Remember to stick with steamed. A medium (2.5 lb live weight) steamed or boiled lobster has around 287 calories. A medium (2 oz.) hard-shell blue crab has about 50 to 60 calories of meat in it. Steamed shrimp (4 large are about 30 calories) and oysters (4 steamed are about 40 calories) are more good low-cal choices to pile on your plate. Cocktail sauce is 55 calories for ¼ c, a better option than tartar sauce, which has 296 calories for ¼ c serving!
7. The Movie Theater Bad Pick:Super-Sized Servings
Huge tubs of popcorn and extra-large cups of sugary sodas are tempting because the largest sizes don’t cost much more than the smaller servings.
Quick Tip: It does make more financial sense to get the larger serving, but if you’re going to do that, get two people to split a drink, and get the bucket that’s shared by all.
A large buttered popcorn at AMC Movie Theatres can have 1,640 calories and 126 g of fat in its 20-cup serving! If you quench your thirst with a “medium” 20 oz. nondiet soda that adds another 250 calories.
Better Pick:Kiddie-Size Combos
In some theaters in the Midwest, there are Kiddie Combos available which have about 2 cups of popcorn, a small package of candy, and a small beverage. At AMC Movie Theatres, a kid-size popcorn without butter has about 300 calories and 20 g of fat. (The buttered version of the kid’s size adds 170 calories and 17 g of fat.)

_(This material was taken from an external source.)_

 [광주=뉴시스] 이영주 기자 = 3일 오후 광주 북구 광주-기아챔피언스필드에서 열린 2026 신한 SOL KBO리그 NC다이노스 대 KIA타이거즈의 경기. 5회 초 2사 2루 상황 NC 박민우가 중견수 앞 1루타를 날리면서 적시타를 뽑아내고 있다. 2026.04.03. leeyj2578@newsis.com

You can also fill your cup with better beverages like unsweetened iced-tea, diet soda, or water.
8. The Bar for Happy Hour Bad Pick:Fried Finger Foods
Fried appetizers are definitely foods to avoid at the bar. A lot of people get fried zucchini or fried mushrooms, but there’s no calorie advantage to eating those foods versus fries or onion rings.
Fried zucchini has about 346 calories for a 5 oz. serving, fried mushrooms have 315 calories for a 5 oz. serving, and onion rings have about 470 calories for a 5 oz. serving.
Order a relish or antipasto plate, munch a few cheese cubes, pickles, olives, or chew on hard, crisp veggies like celery or carrots.
Medium-sized olives are about 4 calories each, small pickle slices are about 1 calorie each, and one cracker-sized slice of cheddar cheese is about 22 calories.
9. A Cocktail Party Bad Pick:Bowls of Snacks
The host generously made sure there were plenty of tasty snacks within every guest’s reach at her party, but it’s easy to overdo it if you’re digging in mindlessly while you chat with friends. Twenty potato chips have about 200 calories, and a ½ c of dry-roasted, salted peanuts will set you back 427 calories.
Better Pick:Handful of snacks
Take a handful and remove the bowl from the table if you can. If you’re out with friends and they want to keep eating, dip your hand into the basket as soon as you can and that’s your portion.”
Addition Tip: Take small bites and eat one chip at a time. (It won’t make a difference in the calories, but you might be more aware of how much you’re eating if you do that.)
Stick with 10 potato chips (100 calories) or 40 peanuts (237 calories) to keep from taking in too many calories.
So that’s it! 9 common foods you’ll find at 9 popular Summer events. Now you know, so choose wisely and enjoy!